United States v. McKay

Decision Date18 July 1942
Docket NumberNo. 25947.,25947.
Citation45 F. Supp. 1001
PartiesUNITED STATES v. McKAY.
CourtU.S. District Court — Western District of Michigan

COPYRIGHT MATERIAL OMITTED

Nash Adams and Alfred Teton, both of Washington, D. C., for plaintiff.

Eugene L. Garey, of New York City (William R. Rawick, of New York City, of counsel), for defendant.

MILLER, District Judge.

This matter is before me on the defendant's demurrer to the indictment and his motion for a bill of particulars.

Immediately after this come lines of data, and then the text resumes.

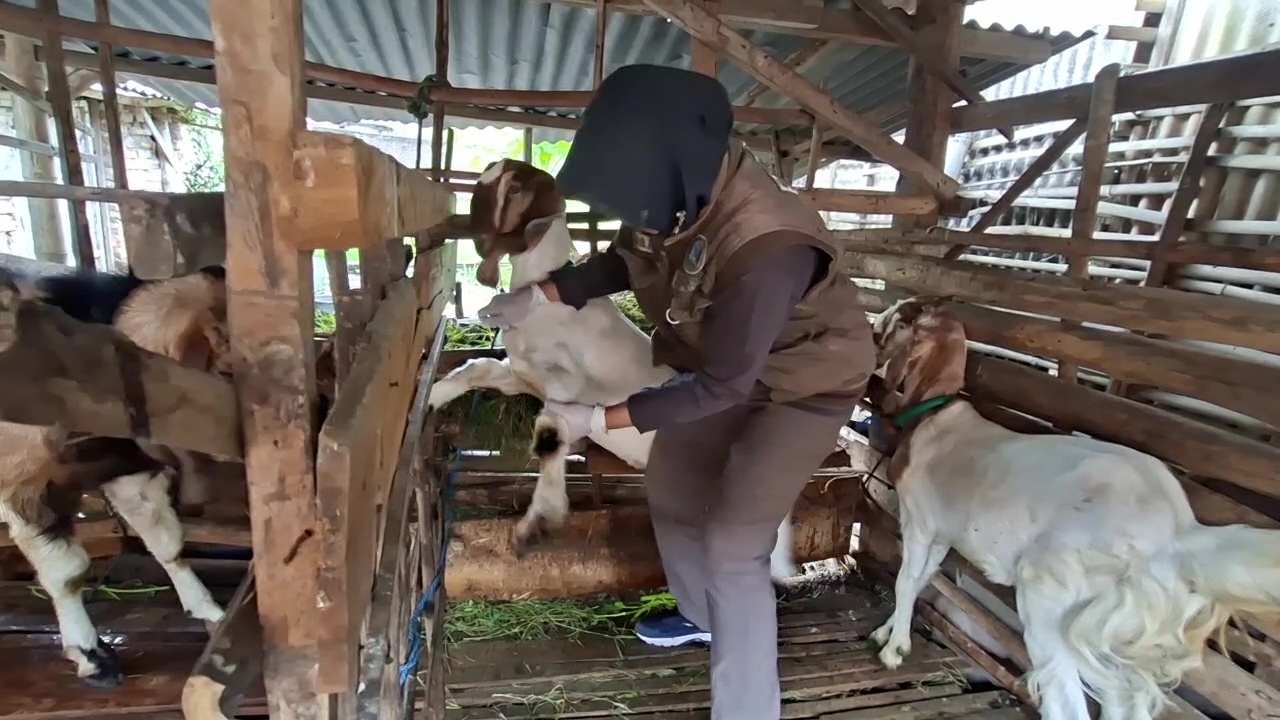 Antisipasi PMK, DKPP Lakukan Vaksinasi Ternak Sapi dan Kambing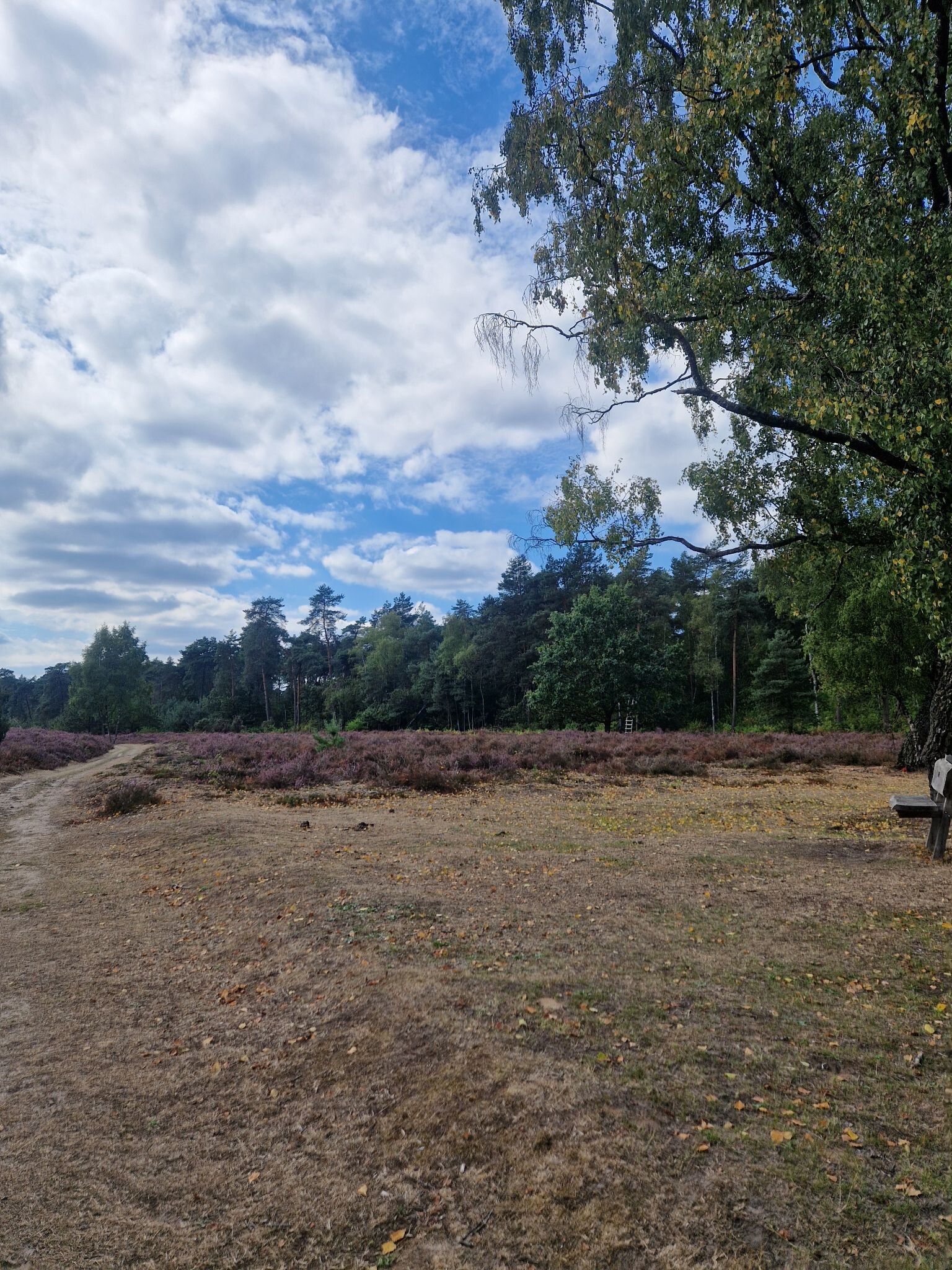 Haaksbergen
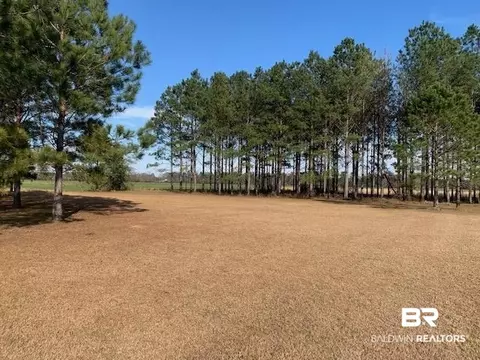 5160 Highway 97, Mcdavid, FL 32568 photo 29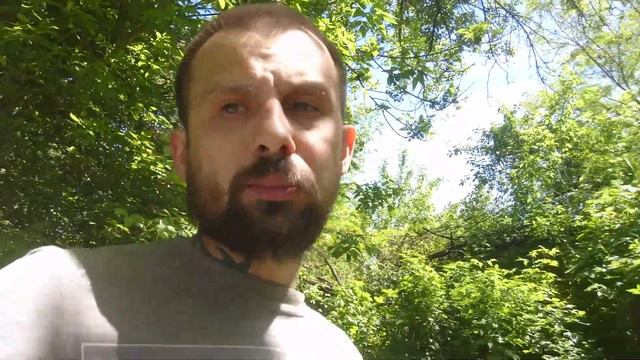 Победитель есть да и есть мой ошибки Labrador Manik смотреть онлайн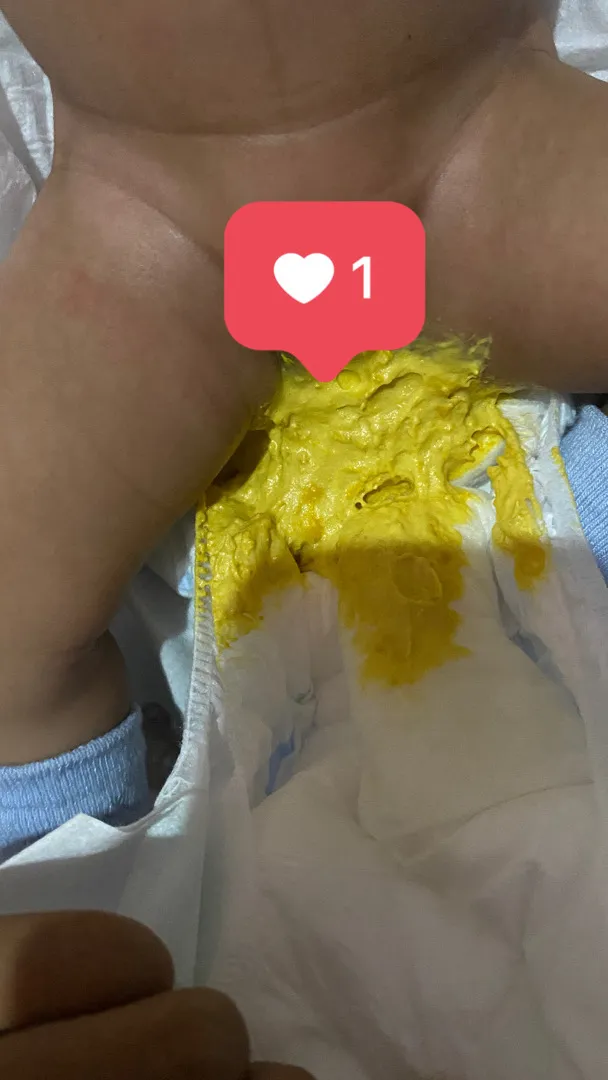 pup bayi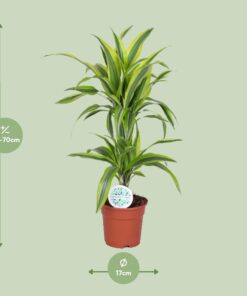 Dracaena Lemon Lime - Ø17Cm - ↕65Cm - Afbeelding 2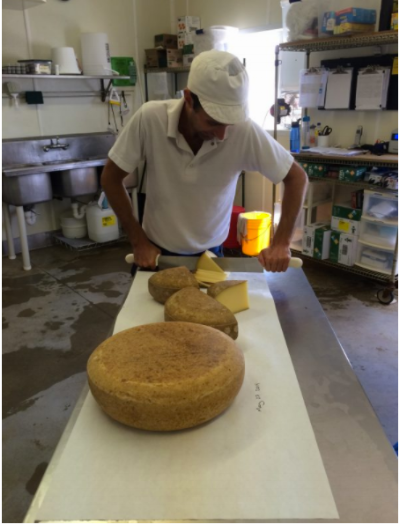 Andy Hatch letting us taste some freshly cut Pleasant Ridge Reserve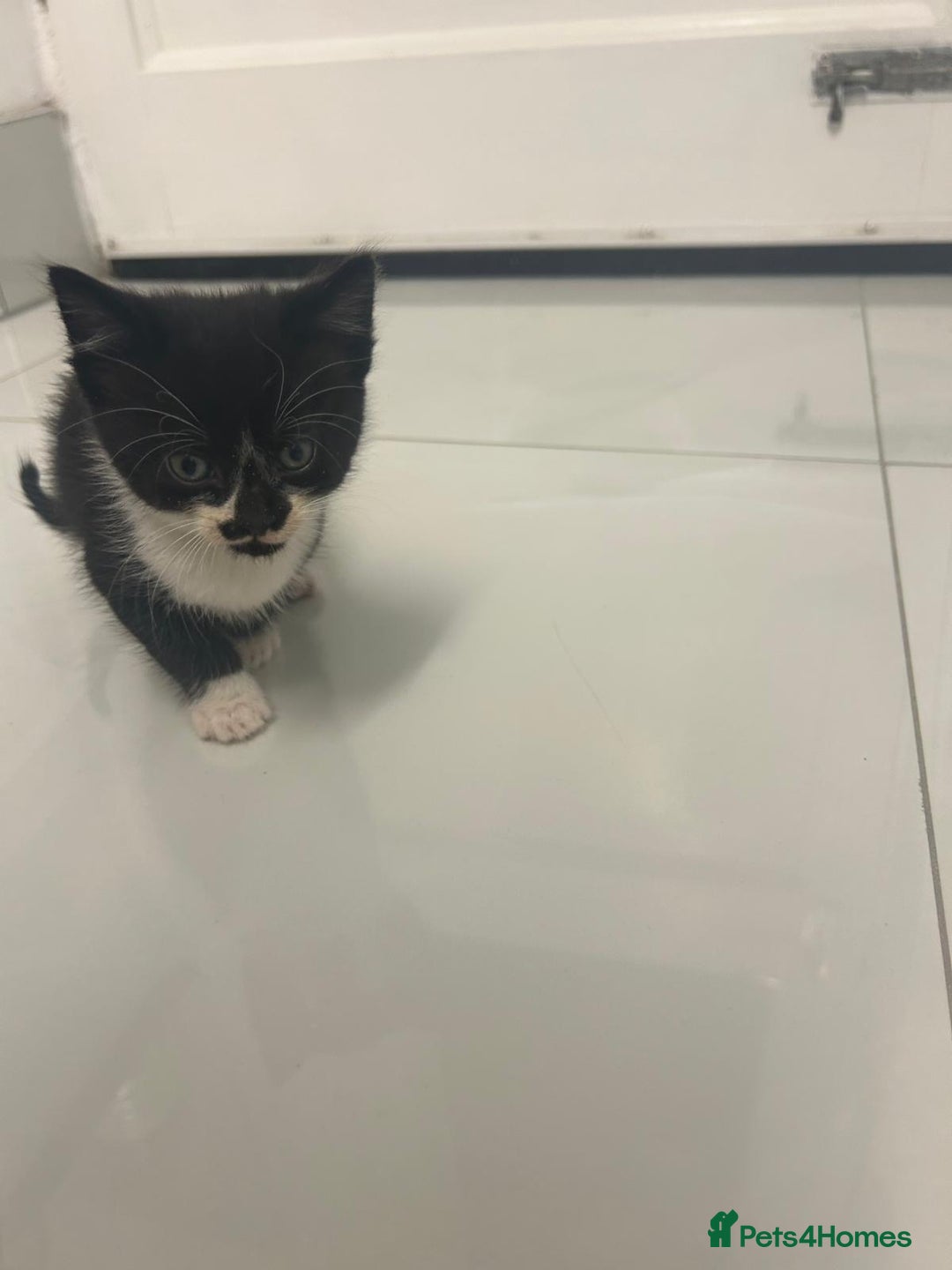 British Longhair cats for sale: North london kittens - Image 2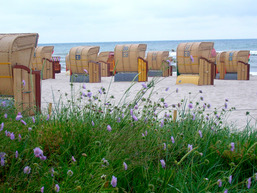 Strand von Kellenhusen
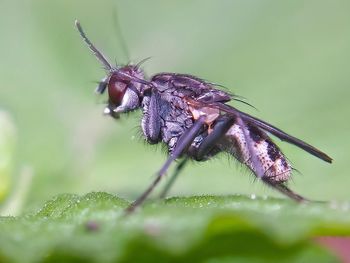 Close-up of fly on leaf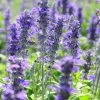 Texas Violet Salvia -Green Haven Sales texas violet mealy sage salvia farinacea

The indictment, consisting of two counts, charges the defendant with violations of Section 215 of the Criminal Code, 18 U.S.C. A. § 338, commonly referred to as the Mail Fraud Statute. It alleges in substance that on November 8, 1938, Frank D. Fitzgerald was elected Governer of the State of Michigan; that in both his primary and general election campaigns the major part of the advertising in his behalf was handled and directed by Bass-Luckoff, Inc., a Michigan corporation engaged in the advertising business in Detroit; that on and prior to November 8, 1938, Bass-Luckoff, Inc., had been fully paid for all services rendered and expenditures made by it with respect to both the primary and general election campaigns; that beginning in October, 1938, and continuously thereafter until February, 1939, the defendant Frank D. McKay and one Clarence E. Larson, since deceased, did feloniously devise and intend to devise a scheme and artifice to defraud and for obtaining money by means of false and fraudulent pretenses from Edsel B. Ford by the following means:

(a) By falsely representing that certain political organizations were then heavily indebted to Bass-Luckoff, Inc., for services rendered and amounts expended for campaign advertising in behalf of Fitzgerald, and that moneys obtained from contributors would be used to pay this outstanding indebtedness; where in truth and in fact as the defendant knew said representations were false and fraudulent in that there was at that time no such outstanding indebtedness and that any moneys so obtained from contributors were to be and were actually paid over surreptitiously to the defendant McKay for his own personal use;

(b) that after Bass-Luckoff, Inc., had been paid in full for all amounts owing to it for services rendered and sums expended in connection with said campaigns the defendant would and did cause to be placed on forms bearing the name Bass-Luckoff, Inc., certain invoices purporting to show sums of money then due and owing to Bass-Luckoff, Inc., for services rendered and expenditures made for campaign advertising in behalf of Fitzgerald, and did cause these invoices to be presented to contributors in the false and fraudulent guise of unpaid bills for the purpose of inducing the contributors to pay sums of money to Bass-Luckoff, Inc., in the belief that they were helping to pay off a political indebtedness owing to Bass-Luckoff, Inc.; that Bass-Luckoff, Inc., did not retain the money so paid by contributors but surreptitiously paid it over to defendant McKay for his own personal use:

(c) That the defendant McKay communicated with Harry H. Bennett and requested him to obtain from Edsel B. Ford a contribution towards the expenses of Fitzgerald's campaigns and for the payment of debts allegedly due to Bass-Luckoff, Inc., and presented to Bennett certain of the invoices marked to show indebtedness to Bass-Luckoff, Inc., and represented as being unpaid expenses of the gubernatorial campaigns, whereas in truth and in fact as the defendant knew the amounts represented items of expense previously paid and were false documents prepared for the use in the execution of the scheme described.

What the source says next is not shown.